大林組が金属系の建設3Dプリンティング技術を開発 技研で大型モックアップ披露:デジタルファブリケーション(1/3 ページ)
大林組は、金属を素材とする3Dプリンティング技術を開発し、コンピュテーショナルデザインで自動生成した3Dモデルをベースに座面付きの大型オブジェを制作した。これまでセメント系が多かった建設用3Dプリンタで、新たに金属系素材が扱えるようになり、建設業界でデジタルファブリケーションの用途が広がることになる。
大林組は2025年5月20日、炭素鋼やステンレス鋼を造形する金属3Dプリンタを開発し、大型モックアップ「The brænch(ザ ブレンチ)」を製造したと発表した。
金属3Dプリントの第一弾となるThe brænchの名称は、「Branch(枝)」と「Bench(ベンチ)」を組み合わせた造語で、植物のような柱と座面、屋根から成るオブジェとなっている。東京都清瀬市の大林組 技術研究所に設置した。
大林組の建設3Dプリンタ開発は、2035年までの第二段階に移行
大林組は2014年から建設3Dプリンタ(3DCP)の開発に着手し、第一段階として3DCP技術の確立と社内施設での実証を重ね、2017年にモルタルアーチ橋、2019年にシェル型ベンチ、10平方メートル超えの建築物「3dpod」を制作してきた。2022年以降は外部顧客への提供を見据えた第二段階に移行し、横浜シンフォステージの外構、2025年3月に生駒山遊園地のチケット売り場を製造。現在は、2035年までに3Dプリンティング技術を建設業界に広く行き渡る普遍的なテクノロジーとすべく、研究開発を進めている。

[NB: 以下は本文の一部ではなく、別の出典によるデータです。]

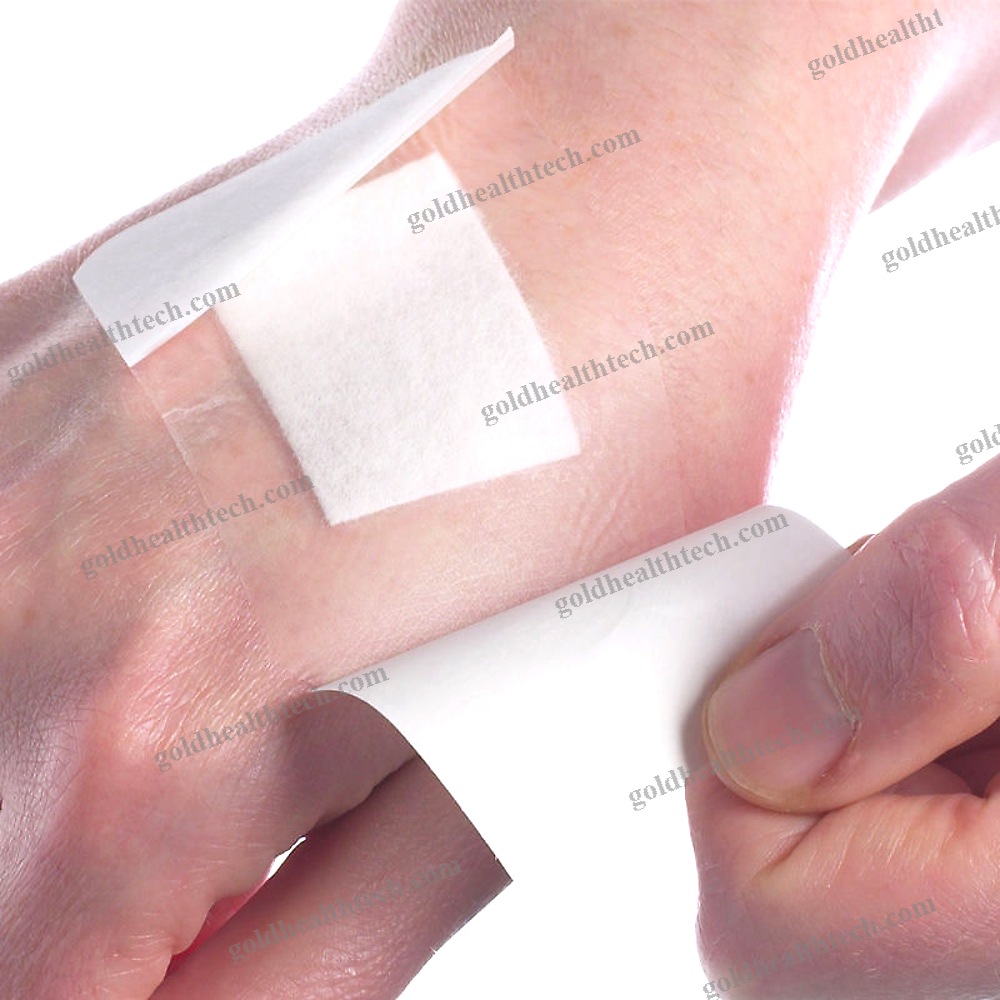Wound Dressing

しかし、従来3Dプリンタのマテリアルで使用してきたセメント系だけでは、将来の完全自動化を考慮すると制作物が限定されるため、条件に応じて材料の複合や使い分けも必要となる。そこで2022年から市販のロボットアームをベースに、金属3Dプリンティング技術の開発をスタートさせた。

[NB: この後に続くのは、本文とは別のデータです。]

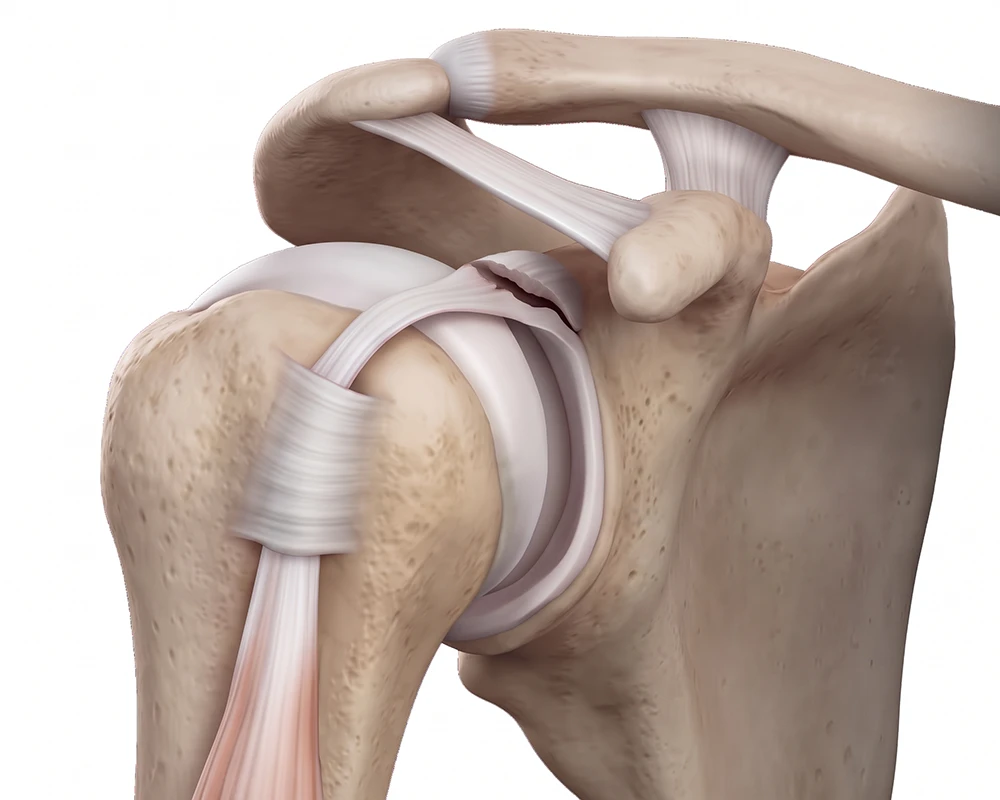 Anatomische Illustration eines Einrisses des Ankers der langen Bizepssehne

金属の加工は一般的に、金属を溶かして型に流し込み冷やして固める「鋳造(ちゅうぞう)=Cast iron」、叩(たた)いて制作する「鍛造=wrought iron」の2種類。鋳造は大量生産向きでバリエーションを増やせず、小ロットは逆に高コストとなる。鍛造はオーダーメイドに適し、形状の自由度はあるが、職人技がなくては作れない。
その点、3Dプリントは3Dデータから有機的な形状でも、型枠不要で複数を作れる優位性がある。